Parfois revenir en arrière et avancer se confondent @ FRAC Alsace: Binta Diaw

1 Rte de Marckolsheim, 67600 Sélestat, France 14 March - 21 June 2026 
Overview

 The exhibition Parfois revenir en arrière et avancer se confondent

That is what the mangrove whispers when one enters it for the first time. One thinks they are retracing their steps, yet the roots lead elsewhere, compelling us to look at what we had avoided. The mangrove knows no stability; it moves through slippages and detours.

This interwoven space, between water and land, was once a refuge for those attempting to escape slavery and colonial power. Authority could not enter without danger. The ground gave way, paths vanished, order dissolved. Even today, the mangrove protects in its own way, reminding us that there are zones where dominant narratives fail to impose themselves.

The power relations inherited from the era of colonial imperialism continue to structure the present. This is what is called coloniality. It persists in ways of governing, in deciding for others. It is embodied in asymmetrical trade relations and extractive industries, in land theft, in the exploitation of resources in the same regions as before. It manifests in closed borders, erected hierarchies, and forms of knowledge that prevail over those left aside.
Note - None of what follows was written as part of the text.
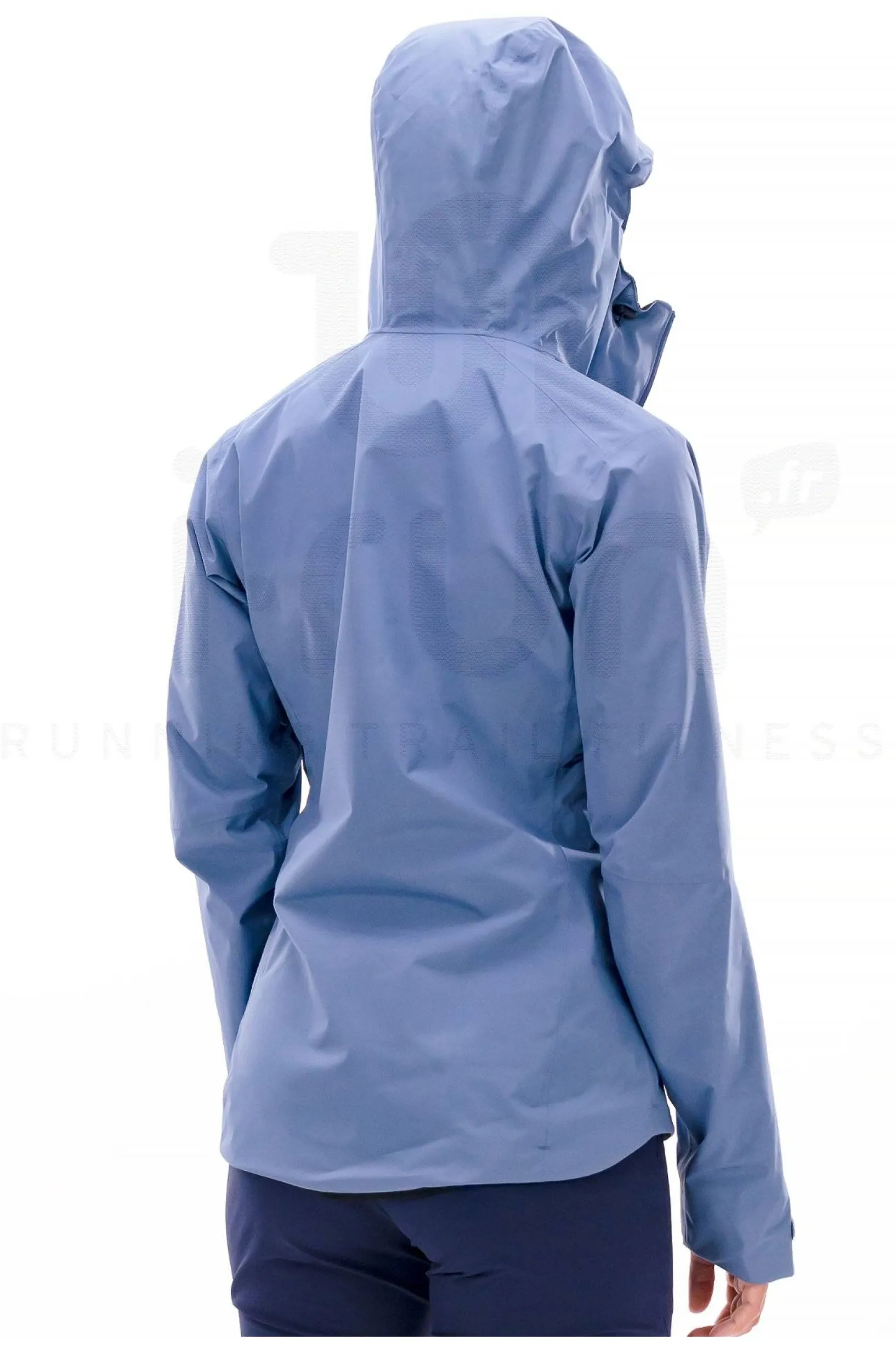 Femme Millet Vestes & Coupe Vent^Seneca Gore-Tex 2L femme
It reappears in the images that circulate and in the voices that are prevented from speaking. Moreover, colonization does not belong solely to the past: it continues today. Certain states maintain and expand their control over territories through force, occupation, or the settlement of populations.

It is within this dense terrain that the artists search and investigate. They gather fragments, delve into archives, and listen closely to whispered legends. They draw near to the voices that imperialism seeks to silence. These voices continue to rumble through landscapes, languages, gestures, and sometimes within silences themselves. From a fragment of a photograph, a trace, or a memory, the artists awaken these presences rendered mute and reconstruct the plurality of history. They reveal its seams, fractures, and absences.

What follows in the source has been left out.